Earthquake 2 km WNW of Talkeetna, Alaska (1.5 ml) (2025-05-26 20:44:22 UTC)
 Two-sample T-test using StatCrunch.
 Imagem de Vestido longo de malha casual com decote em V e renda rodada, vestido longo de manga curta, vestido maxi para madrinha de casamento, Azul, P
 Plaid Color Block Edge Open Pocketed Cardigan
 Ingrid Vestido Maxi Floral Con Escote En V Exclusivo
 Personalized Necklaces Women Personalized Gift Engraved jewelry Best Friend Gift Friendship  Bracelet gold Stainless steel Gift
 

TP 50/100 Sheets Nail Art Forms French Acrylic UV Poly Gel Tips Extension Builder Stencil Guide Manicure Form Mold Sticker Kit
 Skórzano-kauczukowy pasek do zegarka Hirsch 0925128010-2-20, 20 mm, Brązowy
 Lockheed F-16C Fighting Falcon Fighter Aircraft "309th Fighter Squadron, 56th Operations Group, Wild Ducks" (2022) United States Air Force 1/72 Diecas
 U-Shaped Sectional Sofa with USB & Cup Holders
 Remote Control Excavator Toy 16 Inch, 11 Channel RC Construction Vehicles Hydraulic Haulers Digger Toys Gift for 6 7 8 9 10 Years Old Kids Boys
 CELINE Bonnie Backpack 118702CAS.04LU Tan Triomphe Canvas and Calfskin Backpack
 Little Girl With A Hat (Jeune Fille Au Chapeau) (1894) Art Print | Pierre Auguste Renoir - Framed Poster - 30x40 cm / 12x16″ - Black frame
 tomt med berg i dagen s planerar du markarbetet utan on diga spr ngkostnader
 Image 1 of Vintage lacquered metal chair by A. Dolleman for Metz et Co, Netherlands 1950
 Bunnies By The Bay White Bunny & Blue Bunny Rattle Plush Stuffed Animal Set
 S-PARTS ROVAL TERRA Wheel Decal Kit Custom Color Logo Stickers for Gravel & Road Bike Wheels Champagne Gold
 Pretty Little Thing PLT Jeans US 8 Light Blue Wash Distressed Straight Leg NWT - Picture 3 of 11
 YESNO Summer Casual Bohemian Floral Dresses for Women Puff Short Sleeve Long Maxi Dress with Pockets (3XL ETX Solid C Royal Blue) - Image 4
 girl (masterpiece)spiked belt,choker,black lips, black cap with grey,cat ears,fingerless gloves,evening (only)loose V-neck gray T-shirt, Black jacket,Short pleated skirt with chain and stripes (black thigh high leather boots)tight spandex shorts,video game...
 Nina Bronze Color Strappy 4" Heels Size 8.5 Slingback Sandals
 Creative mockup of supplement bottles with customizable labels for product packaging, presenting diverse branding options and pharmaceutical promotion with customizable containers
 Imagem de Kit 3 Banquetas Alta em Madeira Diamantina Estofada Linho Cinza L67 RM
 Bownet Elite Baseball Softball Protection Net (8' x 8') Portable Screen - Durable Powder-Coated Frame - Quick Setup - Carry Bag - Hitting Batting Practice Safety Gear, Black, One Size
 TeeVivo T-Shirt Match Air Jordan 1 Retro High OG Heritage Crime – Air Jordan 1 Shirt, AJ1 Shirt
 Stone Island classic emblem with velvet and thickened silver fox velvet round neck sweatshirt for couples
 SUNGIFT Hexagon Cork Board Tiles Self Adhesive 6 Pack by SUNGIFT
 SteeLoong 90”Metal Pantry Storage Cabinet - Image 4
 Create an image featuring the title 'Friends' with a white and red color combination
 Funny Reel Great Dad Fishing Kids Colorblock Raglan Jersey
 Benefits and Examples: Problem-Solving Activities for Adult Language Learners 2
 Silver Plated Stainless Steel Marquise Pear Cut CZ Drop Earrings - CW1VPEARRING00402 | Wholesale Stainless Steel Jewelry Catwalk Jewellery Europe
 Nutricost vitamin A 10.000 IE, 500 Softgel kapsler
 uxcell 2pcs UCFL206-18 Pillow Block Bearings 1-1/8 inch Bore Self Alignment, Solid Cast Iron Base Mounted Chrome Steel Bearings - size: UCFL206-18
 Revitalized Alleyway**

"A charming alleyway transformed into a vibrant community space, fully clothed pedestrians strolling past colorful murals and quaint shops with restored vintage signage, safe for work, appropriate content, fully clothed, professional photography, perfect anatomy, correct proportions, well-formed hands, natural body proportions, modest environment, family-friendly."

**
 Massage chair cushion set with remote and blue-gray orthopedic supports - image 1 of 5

# Exercise requirements:
Word for word, write out every entry shown above.

# Response:
Earthquake 2 km WNW of Talkeetna, Alaska (1.5 ml) (2025-05-26 20:44:22 UTC)
 Two-sample T-test using StatCrunch.
 Imagem de Vestido longo de malha casual com decote em V e renda rodada, vestido longo de manga curta, vestido maxi para madrinha de casamento, Azul, P
 Plaid Color Block Edge Open Pocketed Cardigan
 Ingrid Vestido Maxi Floral Con Escote En V Exclusivo
 Personalized Necklaces Women Personalized Gift Engraved jewelry Best Friend Gift Friendship  Bracelet gold Stainless steel Gift
 

TP 50/100 Sheets Nail Art Forms French Acrylic UV Poly Gel Tips Extension Builder Stencil Guide Manicure Form Mold Sticker Kit
 Skórzano-kauczukowy pasek do zegarka Hirsch 0925128010-2-20, 20 mm, Brązowy
 Lockheed F-16C Fighting Falcon Fighter Aircraft "309th Fighter Squadron, 56th Operations Group, Wild Ducks" (2022) United States Air Force 1/72 Diecas
 U-Shaped Sectional Sofa with USB & Cup Holders
 Remote Control Excavator Toy 16 Inch, 11 Channel RC Construction Vehicles Hydraulic Haulers Digger Toys Gift for 6 7 8 9 10 Years Old Kids Boys
 CELINE Bonnie Backpack 118702CAS.04LU Tan Triomphe Canvas and Calfskin Backpack
 Little Girl With A Hat (Jeune Fille Au Chapeau) (1894) Art Print | Pierre Auguste Renoir - Framed Poster - 30x40 cm / 12x16″ - Black frame
 tomt med berg i dagen s planerar du markarbetet utan on diga spr ngkostnader
 Image 1 of Vintage lacquered metal chair by A. Dolleman for Metz et Co, Netherlands 1950
 Bunnies By The Bay White Bunny & Blue Bunny Rattle Plush Stuffed Animal Set
 S-PARTS ROVAL TERRA Wheel Decal Kit Custom Color Logo Stickers for Gravel & Road Bike Wheels Champagne Gold
 Pretty Little Thing PLT Jeans US 8 Light Blue Wash Distressed Straight Leg NWT - Picture 3 of 11
 YESNO Summer Casual Bohemian Floral Dresses for Women Puff Short Sleeve Long Maxi Dress with Pockets (3XL ETX Solid C Royal Blue) - Image 4
 girl (masterpiece)spiked belt,choker,black lips, black cap with grey,cat ears,fingerless gloves,evening (only)loose V-neck gray T-shirt, Black jacket,Short pleated skirt with chain and stripes (black thigh high leather boots)tight spandex shorts,video game...
 Nina Bronze Color Strappy 4" Heels Size 8.5 Slingback Sandals
 Creative mockup of supplement bottles with customizable labels for product packaging, presenting diverse branding options and pharmaceutical promotion with customizable containers
 Imagem de Kit 3 Banquetas Alta em Madeira Diamantina Estofada Linho Cinza L67 RM
 Bownet Elite Baseball Softball Protection Net (8' x 8') Portable Screen - Durable Powder-Coated Frame - Quick Setup - Carry Bag - Hitting Batting Practice Safety Gear, Black, One Size
 TeeVivo T-Shirt Match Air Jordan 1 Retro High OG Heritage Crime – Air Jordan 1 Shirt, AJ1 Shirt
 Stone Island classic emblem with velvet and thickened silver fox velvet round neck sweatshirt for couples
 SUNGIFT Hexagon Cork Board Tiles Self Adhesive 6 Pack by SUNGIFT
 SteeLoong 90”Metal Pantry Storage Cabinet - Image 4
 Create an image featuring the title 'Friends' with a white and red color combination
 Funny Reel Great Dad Fishing Kids Colorblock Raglan Jersey
 Benefits and Examples: Problem-Solving Activities for Adult Language Learners 2
 Silver Plated Stainless Steel Marquise Pear Cut CZ Drop Earrings - CW1VPEARRING00402 | Wholesale Stainless Steel Jewelry Catwalk Jewellery Europe
 Nutricost vitamin A 10.000 IE, 500 Softgel kapsler
 uxcell 2pcs UCFL206-18 Pillow Block Bearings 1-1/8 inch Bore Self Alignment, Solid Cast Iron Base Mounted Chrome Steel Bearings - size: UCFL206-18
 Revitalized Alleyway**

"A charming alleyway transformed into a vibrant community space, fully clothed pedestrians strolling past colorful murals and quaint shops with restored vintage signage, safe for work, appropriate content, fully clothed, professional photography, perfect anatomy, correct proportions, well-formed hands, natural body proportions, modest environment, family-friendly."

**
 Massage chair cushion set with remote and blue-gray orthopedic supports - image 1 of 5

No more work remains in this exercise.